Lines of the listing that contain "Shoes" need to be copied.

*** Begin section ***

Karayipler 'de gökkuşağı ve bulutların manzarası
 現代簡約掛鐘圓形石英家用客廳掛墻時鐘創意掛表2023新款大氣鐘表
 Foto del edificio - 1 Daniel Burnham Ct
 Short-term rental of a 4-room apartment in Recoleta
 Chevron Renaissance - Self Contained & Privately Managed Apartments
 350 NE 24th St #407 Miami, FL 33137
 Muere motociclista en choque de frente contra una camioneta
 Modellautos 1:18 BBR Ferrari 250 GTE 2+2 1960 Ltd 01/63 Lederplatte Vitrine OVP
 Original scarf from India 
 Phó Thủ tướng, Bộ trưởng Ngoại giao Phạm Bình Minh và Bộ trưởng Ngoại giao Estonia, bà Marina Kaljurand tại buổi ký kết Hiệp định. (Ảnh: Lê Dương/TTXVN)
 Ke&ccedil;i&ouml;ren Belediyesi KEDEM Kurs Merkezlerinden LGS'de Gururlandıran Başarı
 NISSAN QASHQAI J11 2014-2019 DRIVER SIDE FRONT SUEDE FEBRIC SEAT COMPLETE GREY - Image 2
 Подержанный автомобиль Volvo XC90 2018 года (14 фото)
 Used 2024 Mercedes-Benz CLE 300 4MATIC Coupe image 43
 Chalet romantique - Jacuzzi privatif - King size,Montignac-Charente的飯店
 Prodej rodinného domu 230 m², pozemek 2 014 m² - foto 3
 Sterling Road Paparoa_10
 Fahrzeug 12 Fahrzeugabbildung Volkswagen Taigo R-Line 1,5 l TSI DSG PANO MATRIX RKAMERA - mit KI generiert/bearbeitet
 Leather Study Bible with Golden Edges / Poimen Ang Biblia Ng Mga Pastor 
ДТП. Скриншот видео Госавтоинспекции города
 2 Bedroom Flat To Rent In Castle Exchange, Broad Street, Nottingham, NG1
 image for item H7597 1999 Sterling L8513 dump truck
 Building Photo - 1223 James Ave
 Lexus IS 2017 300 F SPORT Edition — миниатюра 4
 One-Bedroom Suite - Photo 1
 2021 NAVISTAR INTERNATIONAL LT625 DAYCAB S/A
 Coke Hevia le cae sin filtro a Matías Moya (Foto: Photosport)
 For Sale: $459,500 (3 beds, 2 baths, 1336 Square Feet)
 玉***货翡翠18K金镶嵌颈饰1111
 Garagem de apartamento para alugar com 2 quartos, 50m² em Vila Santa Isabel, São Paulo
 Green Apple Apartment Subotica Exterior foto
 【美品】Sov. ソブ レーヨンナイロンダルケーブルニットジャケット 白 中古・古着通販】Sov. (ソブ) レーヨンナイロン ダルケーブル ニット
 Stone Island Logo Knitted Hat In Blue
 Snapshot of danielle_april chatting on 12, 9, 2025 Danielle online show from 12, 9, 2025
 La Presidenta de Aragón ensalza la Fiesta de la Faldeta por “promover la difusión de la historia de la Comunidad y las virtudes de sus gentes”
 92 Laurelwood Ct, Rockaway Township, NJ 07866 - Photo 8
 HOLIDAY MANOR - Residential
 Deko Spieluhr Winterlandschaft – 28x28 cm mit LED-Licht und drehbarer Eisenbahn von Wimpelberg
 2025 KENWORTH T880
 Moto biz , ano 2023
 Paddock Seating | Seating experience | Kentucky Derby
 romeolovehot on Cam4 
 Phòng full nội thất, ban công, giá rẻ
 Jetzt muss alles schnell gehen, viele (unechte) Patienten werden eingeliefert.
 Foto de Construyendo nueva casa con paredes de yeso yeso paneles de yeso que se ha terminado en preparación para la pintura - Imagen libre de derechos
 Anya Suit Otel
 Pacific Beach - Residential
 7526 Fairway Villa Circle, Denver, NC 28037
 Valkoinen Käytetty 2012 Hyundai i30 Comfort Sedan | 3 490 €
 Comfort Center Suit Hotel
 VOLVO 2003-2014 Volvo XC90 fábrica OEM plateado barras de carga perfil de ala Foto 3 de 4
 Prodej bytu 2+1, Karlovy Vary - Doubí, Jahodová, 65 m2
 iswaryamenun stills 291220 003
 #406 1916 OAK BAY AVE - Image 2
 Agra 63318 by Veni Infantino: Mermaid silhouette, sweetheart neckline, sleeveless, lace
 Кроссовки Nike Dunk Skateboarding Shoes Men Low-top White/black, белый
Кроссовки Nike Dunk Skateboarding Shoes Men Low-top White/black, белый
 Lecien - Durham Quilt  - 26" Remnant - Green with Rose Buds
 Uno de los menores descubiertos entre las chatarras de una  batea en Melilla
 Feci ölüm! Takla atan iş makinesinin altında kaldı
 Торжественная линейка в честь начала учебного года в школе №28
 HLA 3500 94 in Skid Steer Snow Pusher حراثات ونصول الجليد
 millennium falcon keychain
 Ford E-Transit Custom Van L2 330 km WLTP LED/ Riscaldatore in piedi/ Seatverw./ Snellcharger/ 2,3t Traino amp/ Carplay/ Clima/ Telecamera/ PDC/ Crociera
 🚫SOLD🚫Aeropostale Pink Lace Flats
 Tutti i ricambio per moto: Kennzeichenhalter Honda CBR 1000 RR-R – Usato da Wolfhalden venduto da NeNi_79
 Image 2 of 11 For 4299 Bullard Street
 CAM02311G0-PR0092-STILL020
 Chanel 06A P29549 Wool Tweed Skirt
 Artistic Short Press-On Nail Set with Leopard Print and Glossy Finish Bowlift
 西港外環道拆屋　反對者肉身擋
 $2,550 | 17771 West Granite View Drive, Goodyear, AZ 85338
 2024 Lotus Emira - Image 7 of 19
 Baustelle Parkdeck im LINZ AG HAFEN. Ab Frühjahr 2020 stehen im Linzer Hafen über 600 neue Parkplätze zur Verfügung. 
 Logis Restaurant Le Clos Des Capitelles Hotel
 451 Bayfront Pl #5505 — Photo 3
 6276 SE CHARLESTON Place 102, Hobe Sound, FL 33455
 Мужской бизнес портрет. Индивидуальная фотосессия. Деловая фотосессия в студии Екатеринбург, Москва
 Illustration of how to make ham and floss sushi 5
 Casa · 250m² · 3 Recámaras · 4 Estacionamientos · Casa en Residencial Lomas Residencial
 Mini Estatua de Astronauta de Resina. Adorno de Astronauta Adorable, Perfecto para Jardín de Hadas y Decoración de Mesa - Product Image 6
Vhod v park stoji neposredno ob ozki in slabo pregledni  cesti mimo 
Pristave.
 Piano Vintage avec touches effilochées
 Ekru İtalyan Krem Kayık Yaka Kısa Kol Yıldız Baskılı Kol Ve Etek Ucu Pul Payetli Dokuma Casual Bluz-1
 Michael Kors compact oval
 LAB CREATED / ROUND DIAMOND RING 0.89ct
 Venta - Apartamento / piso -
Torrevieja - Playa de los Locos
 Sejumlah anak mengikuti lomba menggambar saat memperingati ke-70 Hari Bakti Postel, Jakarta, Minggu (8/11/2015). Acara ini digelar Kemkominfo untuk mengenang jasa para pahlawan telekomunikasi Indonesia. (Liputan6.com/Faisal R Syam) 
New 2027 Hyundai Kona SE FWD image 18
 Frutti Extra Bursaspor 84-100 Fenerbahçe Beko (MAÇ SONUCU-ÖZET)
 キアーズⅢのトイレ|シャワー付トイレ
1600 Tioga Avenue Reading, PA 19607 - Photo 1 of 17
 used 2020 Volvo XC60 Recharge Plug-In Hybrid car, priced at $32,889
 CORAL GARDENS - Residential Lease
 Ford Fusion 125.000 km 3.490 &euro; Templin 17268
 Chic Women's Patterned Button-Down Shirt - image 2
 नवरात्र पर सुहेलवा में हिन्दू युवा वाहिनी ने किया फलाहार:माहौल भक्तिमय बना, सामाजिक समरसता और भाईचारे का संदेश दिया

*** End section ***

• [PROBLEM SOLUTION]:
 Кроссовки Nike Dunk Skateboarding Shoes Men Low-top White/black, белый
Кроссовки Nike Dunk Skateboarding Shoes Men Low-top White/black, белый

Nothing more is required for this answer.